John Mein’s advertisement for Isaac Watts’s Psalms of David Imitated in the Language of the New Testament was one of four notices that he inserted in the March 23, 1769, edition of the Boston Chronicle, the newspaper that Mein published with partner John Fleeming. The others included an advertisement for the second edition of Bickerstaff’s Boston Almanack, one for Mein and Fleeming’s Register for New-England and Nova-Scotia, and one in which Mein offered to purchase entire libraries or exchange books. These four advertisements comprised nearly two of the three columns of the final page of the issue.
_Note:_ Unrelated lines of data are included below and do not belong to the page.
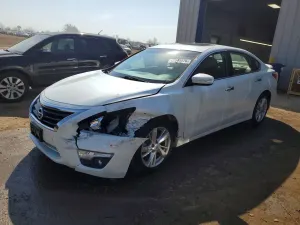 Nissan Altima 2.5L 4 2015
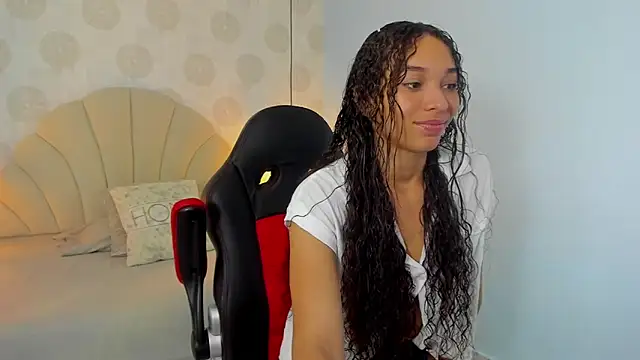 Snapshot of HELEN_DAVIS3 chatting on October 3, 2025, 12:57 pm HELEN DAVIS3 online show from October 3, 2025, 12:57 pm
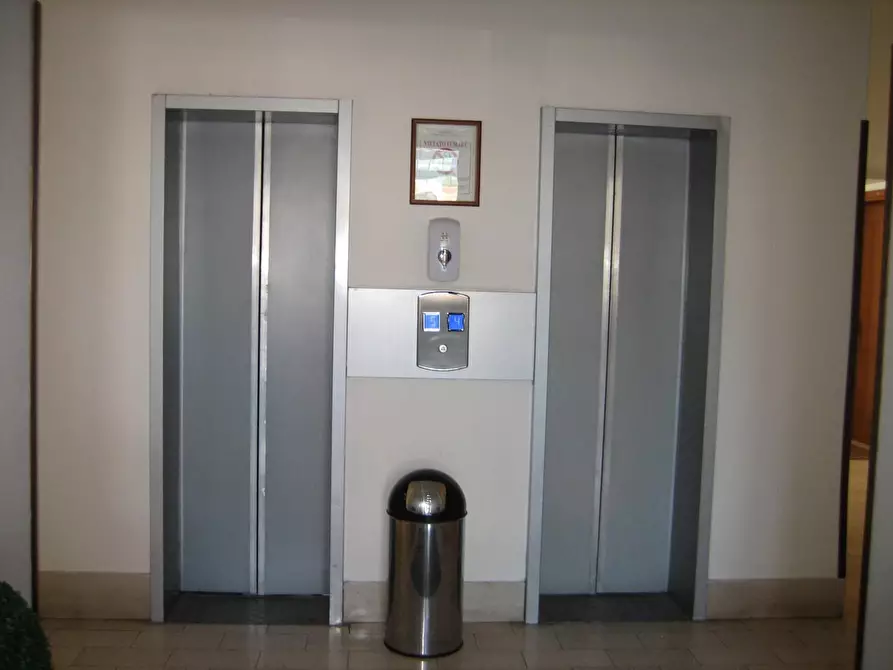 Immagine 26 di Appartamento in vendita  a Pisa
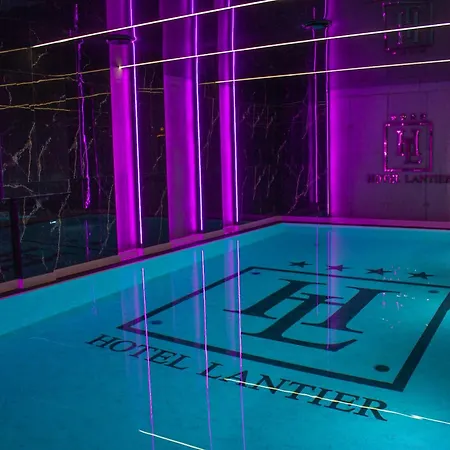 Hotel Lantier&Swimming Pool Zone-2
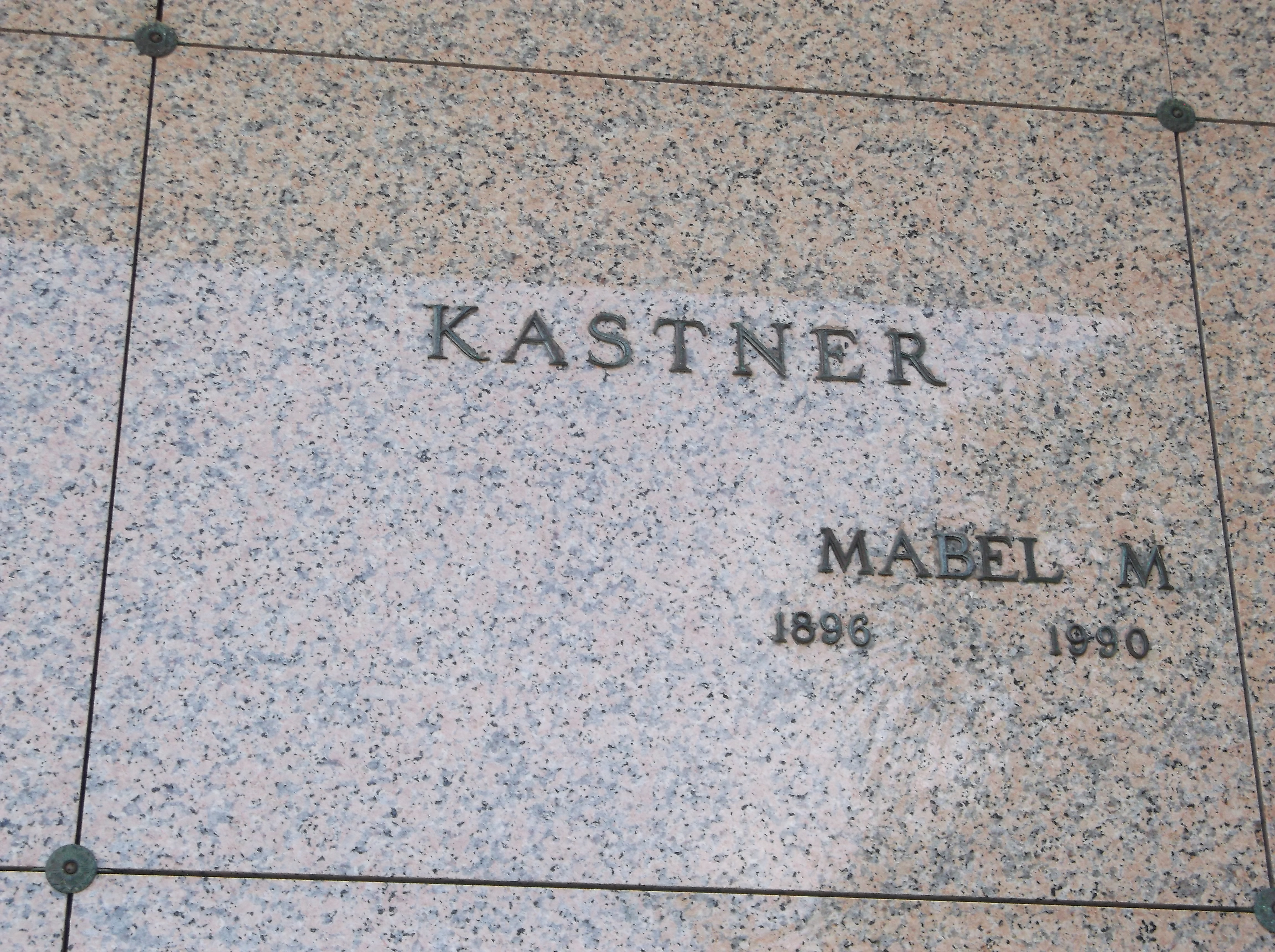 Mabel M Kastner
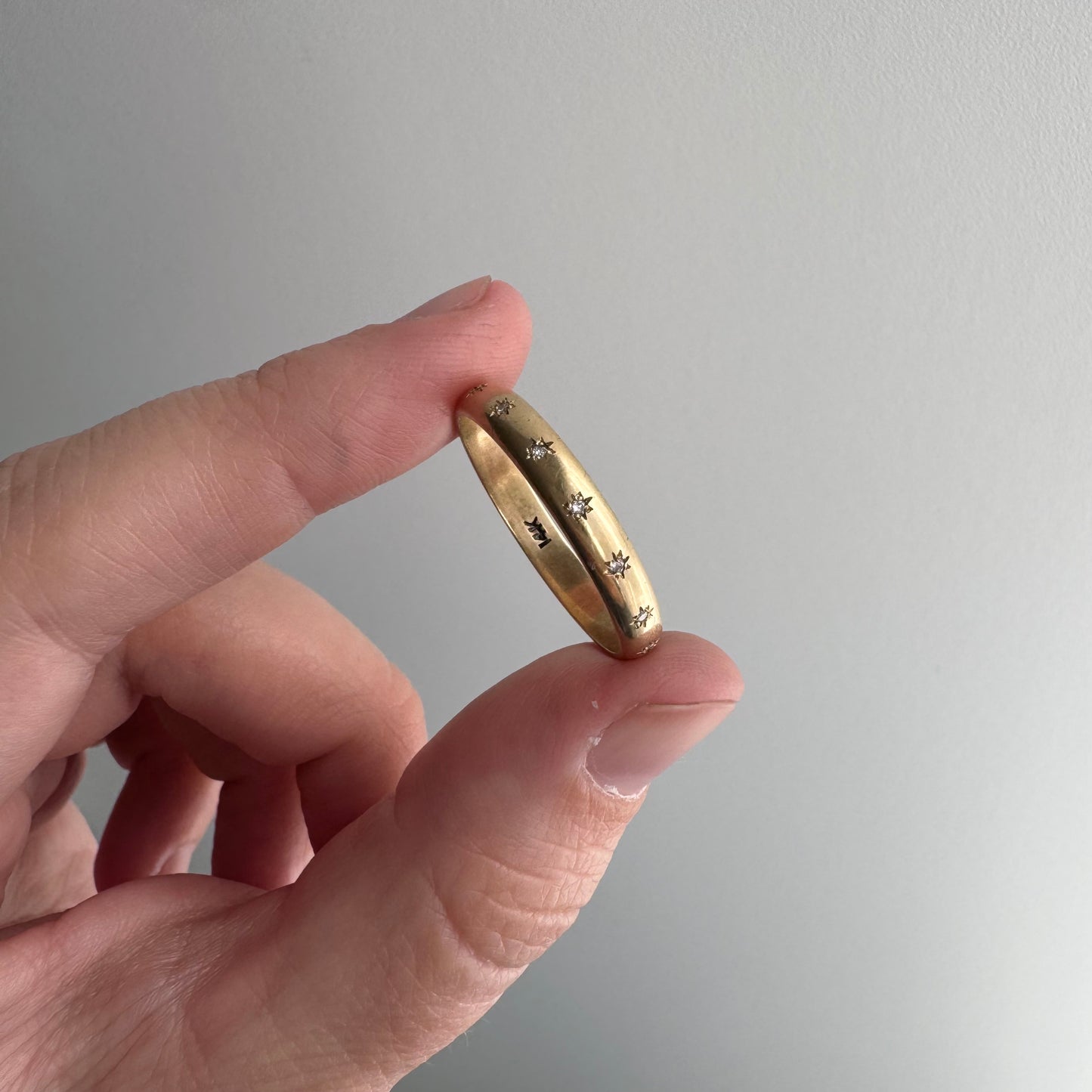 reimagined V I N T A G E // star story / 14k D-shaped 3.55mm band with seven new star-set diamonds / size 11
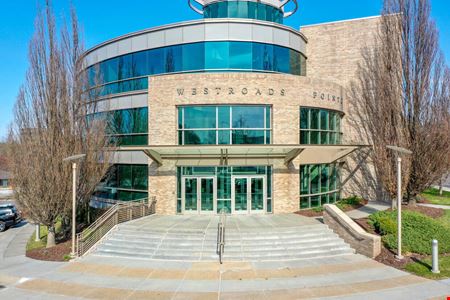 Westroads Pointe - Omaha
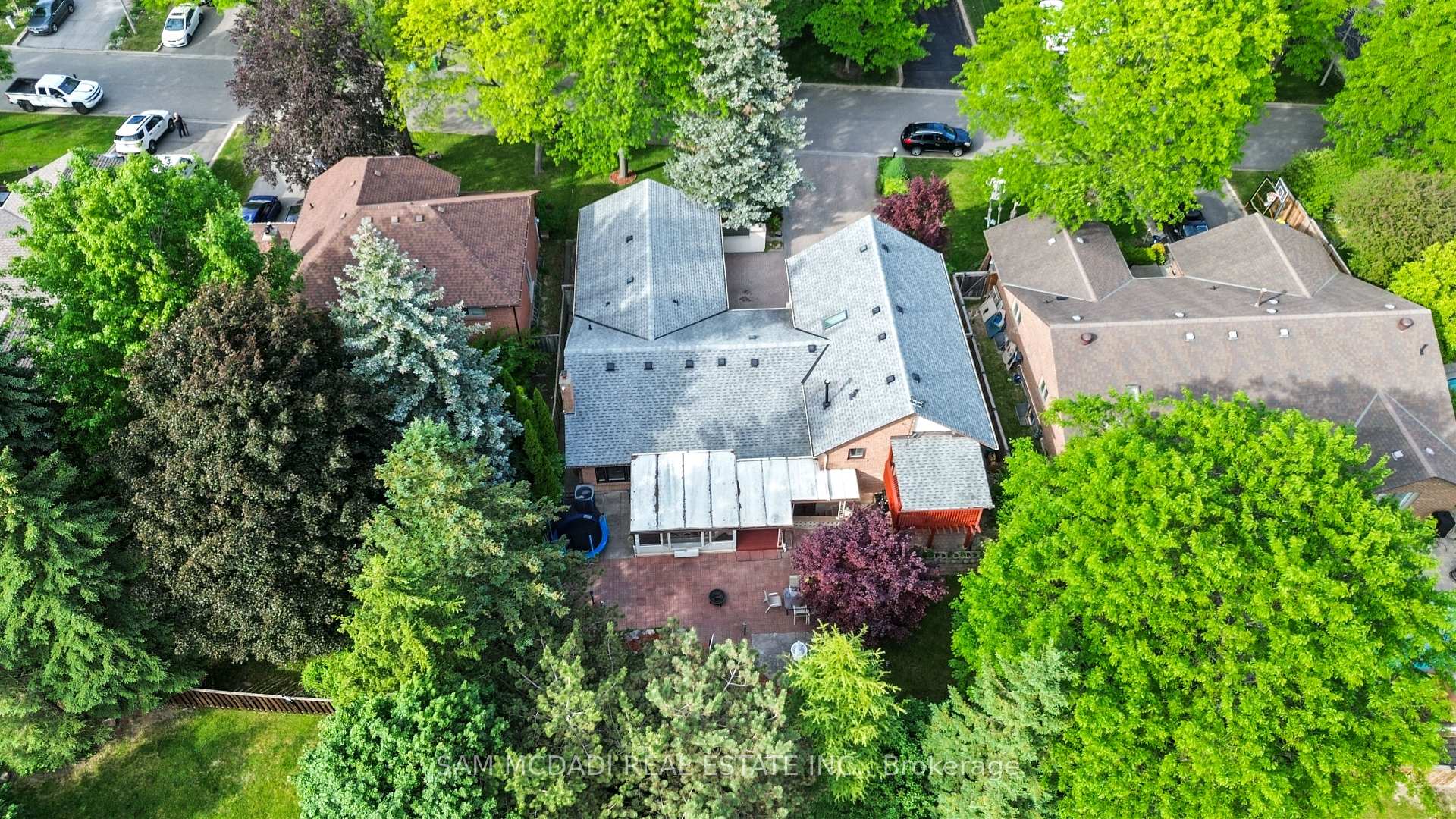 6 Chesham Court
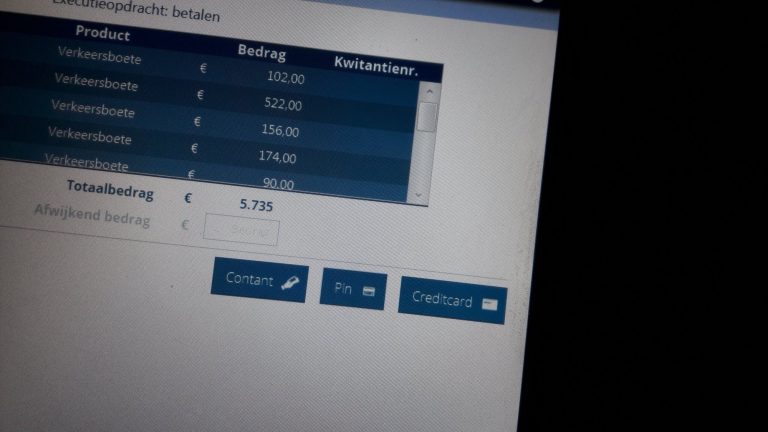 Man tikt 5735 euro aan verkeersboetes af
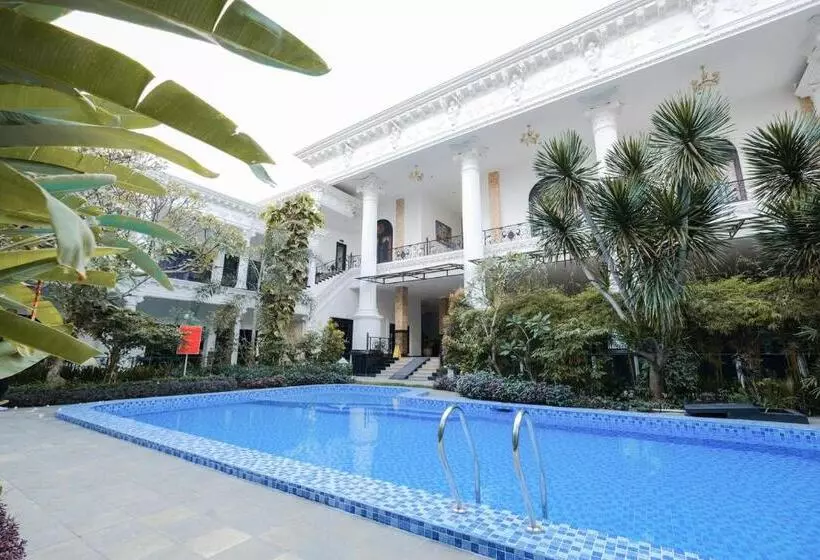 Fotos del hotel The Grand Palace Hotel  Yogyakarta:  7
Guest curator Luke DiCicco and I recently examined the advertisements for the Boston Almanack and the Register. When we published short summaries on Twitter, historian J. L. Bell questioned the number of advertisements placed by Mein and the amount of space that the printer occupied in his own publication. Did the Boston Chronicle lack other advertisers? Or did something else explain the disproportionate advertising related to Mein’s own ventures? After all, other printers regularly placed notices in their own newspapers, but not usually to the same extent.

Three factors likely played a role in the overabundance of advertising by the printer. The Boston Chronicle competed with several other newspapers. It had commenced publication less than a year and a half earlier, while the Boston Evening-Post, the Boston-Gazette, the Boston Post-Boy, and the Boston Weekly News-Letter had been around for years or even decades. From its inception, the Chronicle had fewer advertisements than any of the other newspapers printed in Boston. It took time to build a clientele of readers, subscribers, and advertisers. In 1769, many prospective advertisers likely considered placing their advertisements in other newspapers a better investment. Part of that may have been due to the second factor, Mein’s vocal Tory sentiments. The advertisement for the Register, especially the inclusion of “BRITISH LISTS,” celebrated the colonies’ connection to Britain at a time when many colonists engaged in resistance to abuses by Parliament, including the Townshend Acts. Some prospective advertisers may have been hesitant to hawk their wares in the Chronicle due to the political sympathies expressed by the printers, especially Mein. This hypothesis requires further research. Finally, if Mein still had surplus copies of the Boston Almanack and the Register twelve weeks into 1769 then he desperately needed to sell them. That alone may have justified giving so much space to the advertisements, especially since they promoted reference information good throughout the year, such as lists of colonial officials and the correct dates when the courts would be in session, rather than the astronomical calculations.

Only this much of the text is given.